Así iba el mundo: los hombres buenos se comportaban como los de la Biblia: más machistas, imposible. Había curas que cometían el peor de los pecados: la pedofilia, pero no importaba porque ellos eran “buenos”.
Pero aparecieron la píldora, la publicidad, los hippies, la Revolución Sexual, el Me too, los derechos igualitarios, los medios de comunicación que comenzaron a mostrar que hay curas que no son tan “buenos”… Los códigos de conducta cambiaron. Muchos hombres, incluidos curas, de repente quedaron sin piso y comenzaron a preguntarse quiénes son, a qué vinieron al mundo, qué fue lo que hicieron mal, cómo deben actuar, se escriben libros sobre qué es ser hombre hoy.
Guillete acaba de presentar un comercial de cien minutos que divide a los hombres en buenos y malos. Los malos son los violentos, los que acosan a las mujeres, los que las maltratan, los niños que matonean. En menos de una semana veintiún millones de personas (al momento en que escribo esto) lo han visto en Youtube. De ellos, 585 mil le han dado like y más de un millón, entre hombres y mujeres (machistas, lo sabemos, son más las mujeres que los hombres), han tipeado “No me gusta”.

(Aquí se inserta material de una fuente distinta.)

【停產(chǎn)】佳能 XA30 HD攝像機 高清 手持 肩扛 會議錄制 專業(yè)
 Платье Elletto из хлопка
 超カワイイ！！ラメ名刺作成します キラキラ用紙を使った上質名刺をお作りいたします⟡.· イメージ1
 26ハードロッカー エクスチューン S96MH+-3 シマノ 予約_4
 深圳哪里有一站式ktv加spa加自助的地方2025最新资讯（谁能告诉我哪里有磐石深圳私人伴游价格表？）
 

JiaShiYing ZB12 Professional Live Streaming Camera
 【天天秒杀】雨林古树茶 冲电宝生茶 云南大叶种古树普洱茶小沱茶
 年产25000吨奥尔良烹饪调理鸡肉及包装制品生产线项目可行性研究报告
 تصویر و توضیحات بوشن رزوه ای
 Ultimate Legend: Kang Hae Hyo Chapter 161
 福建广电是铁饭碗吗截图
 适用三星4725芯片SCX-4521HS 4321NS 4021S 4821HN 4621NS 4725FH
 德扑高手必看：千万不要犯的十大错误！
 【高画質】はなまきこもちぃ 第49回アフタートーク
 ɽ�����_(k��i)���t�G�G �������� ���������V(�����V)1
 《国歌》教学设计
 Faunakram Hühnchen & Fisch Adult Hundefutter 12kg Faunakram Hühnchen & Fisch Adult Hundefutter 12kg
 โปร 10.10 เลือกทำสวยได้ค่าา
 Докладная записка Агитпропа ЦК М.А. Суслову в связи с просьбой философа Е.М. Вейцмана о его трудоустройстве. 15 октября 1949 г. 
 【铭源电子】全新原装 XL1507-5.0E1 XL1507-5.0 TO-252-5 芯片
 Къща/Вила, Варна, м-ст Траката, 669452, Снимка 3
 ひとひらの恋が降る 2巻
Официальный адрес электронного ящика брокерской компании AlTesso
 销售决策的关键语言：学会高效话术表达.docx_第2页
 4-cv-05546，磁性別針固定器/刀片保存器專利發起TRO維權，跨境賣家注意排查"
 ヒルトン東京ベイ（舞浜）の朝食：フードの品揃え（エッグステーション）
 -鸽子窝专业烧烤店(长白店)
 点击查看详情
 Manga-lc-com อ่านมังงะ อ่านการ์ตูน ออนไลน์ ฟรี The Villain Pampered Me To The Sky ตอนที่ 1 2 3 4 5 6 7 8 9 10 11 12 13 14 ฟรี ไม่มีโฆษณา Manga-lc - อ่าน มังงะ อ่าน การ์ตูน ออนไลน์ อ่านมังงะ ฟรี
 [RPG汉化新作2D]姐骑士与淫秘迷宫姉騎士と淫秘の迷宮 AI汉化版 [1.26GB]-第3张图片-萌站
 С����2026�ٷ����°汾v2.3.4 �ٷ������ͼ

Puestos ante este espejo, quienes siempre han dominado el mundo se han ofendido, quizá porque los ha enfrentado a una culpa que desconocían y aceptar el cambio deja sin piso su escala de valores. En el dilema entre la vieja y la nueva masculinidad, más de un millón ha dicho que se quedan como eran. ¿Siguen el ejemplo de Trump, de Putin, de Erdogan, de Duterte, de Bolsonaro?